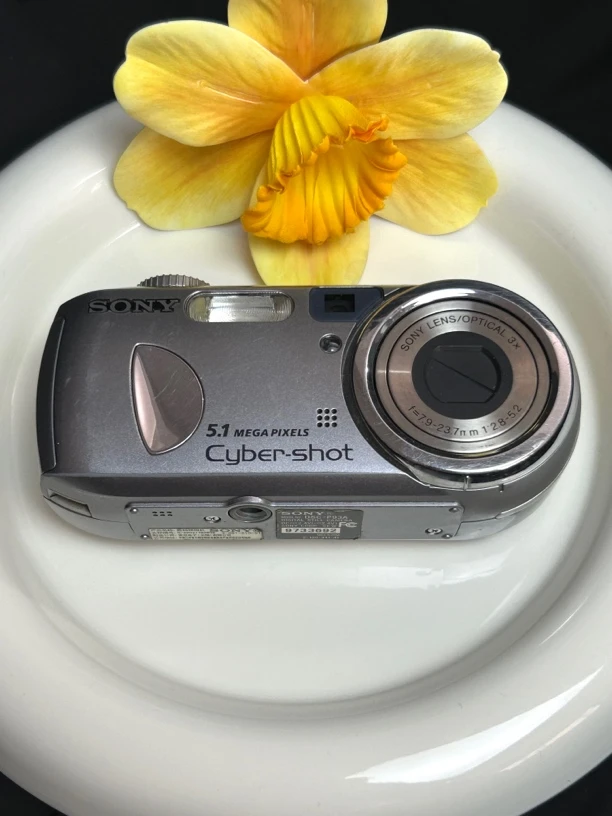 9新 Sony/索尼 p93 银色 复古ccd数码相机 用五号电池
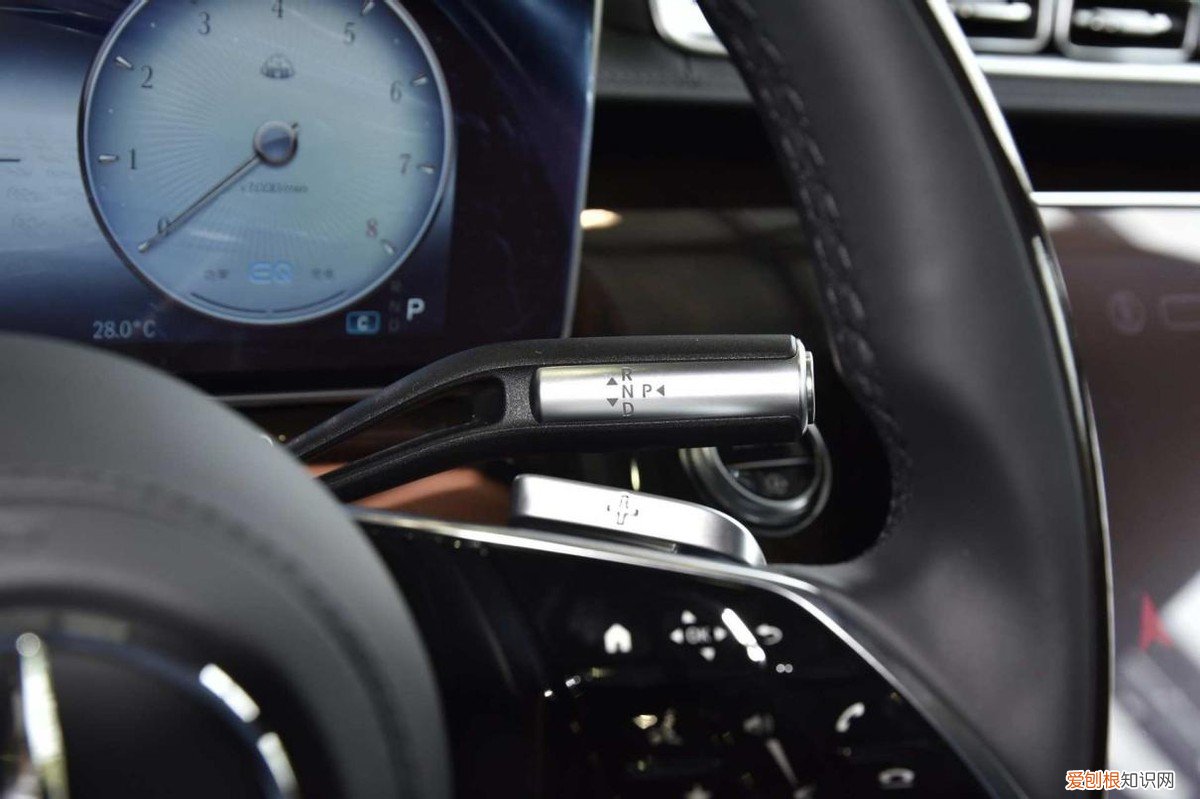 2022款迈巴赫S级，售价154.1万 迈巴赫车的价格和图片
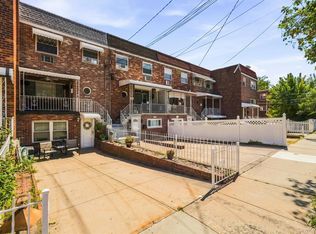 1018 Throggmorton Avenue, Bronx, NY 10465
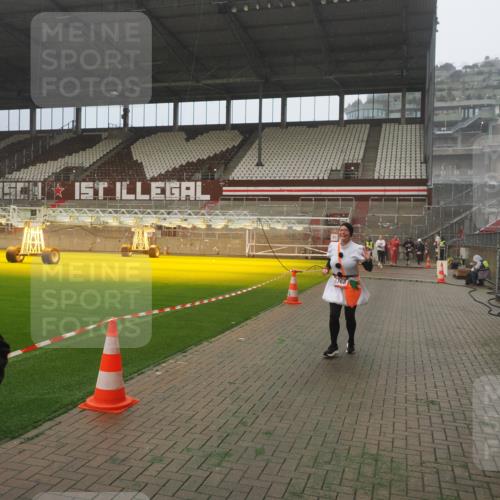 07.12.2025 - St. Pauli X-Mass-Run No. 15 Fabian Wolf http://msf.ph/oto/9372607 07.12.2025 10:10:47 Ziel 964, 1768, 4885 meine-sportfotos.de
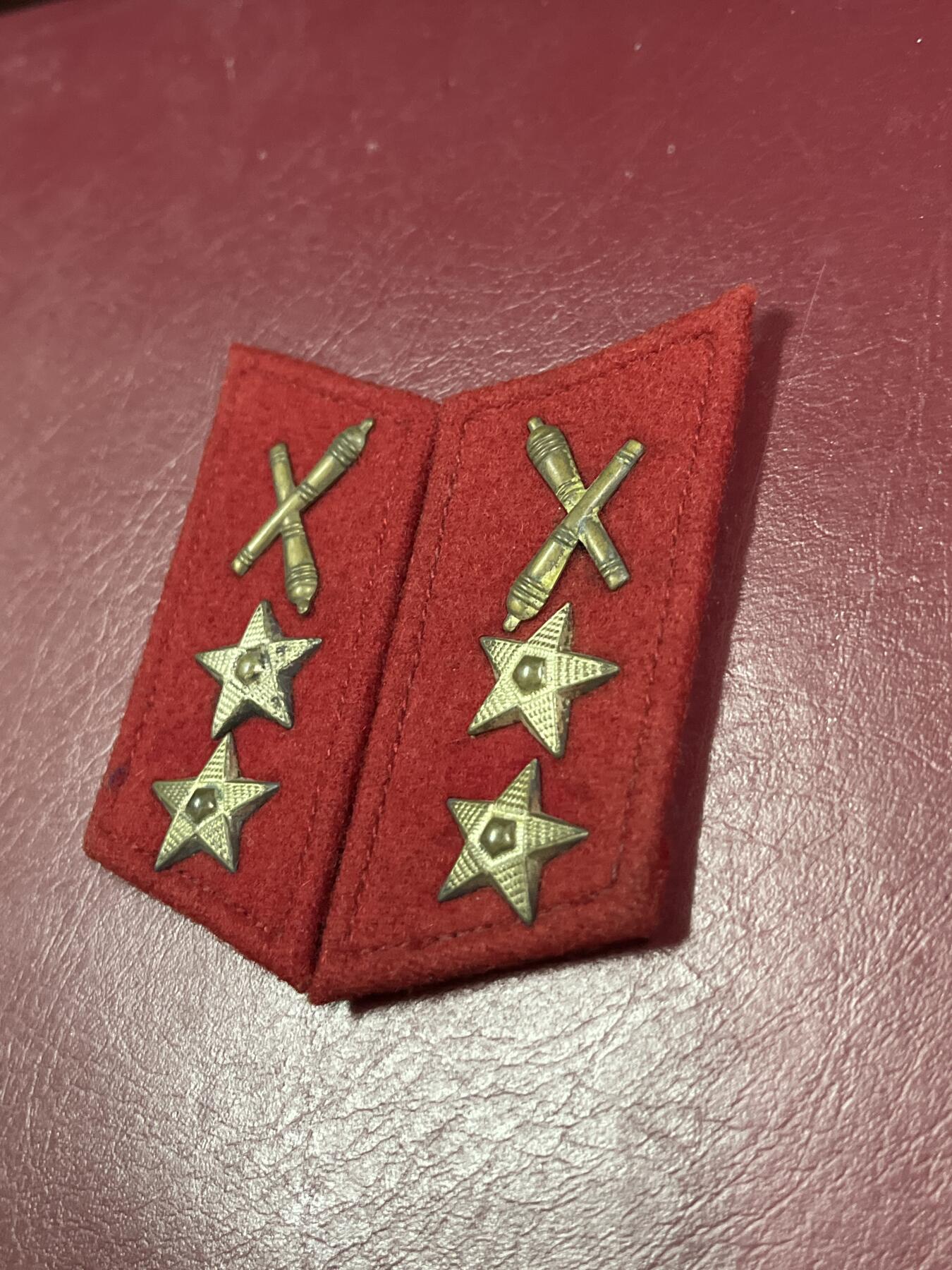 五十年代社会主义国家仿苏联徽章专场拍卖 五十年代苏联炮兵徽章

__________

The expected output is exactly the lines from the one containing "1018 Throggmorton Avenue, Bronx, NY 10465" through the last line of the listing, both included, with every picture left out.

== EXERCISE RESPONSE ==
 1018 Throggmorton Avenue, Bronx, NY 10465
 07.12.2025 - St. Pauli X-Mass-Run No. 15 Fabian Wolf http://msf.ph/oto/9372607 07.12.2025 10:10:47 Ziel 964, 1768, 4885 meine-sportfotos.de
 五十年代社会主义国家仿苏联徽章专场拍卖 五十年代苏联炮兵徽章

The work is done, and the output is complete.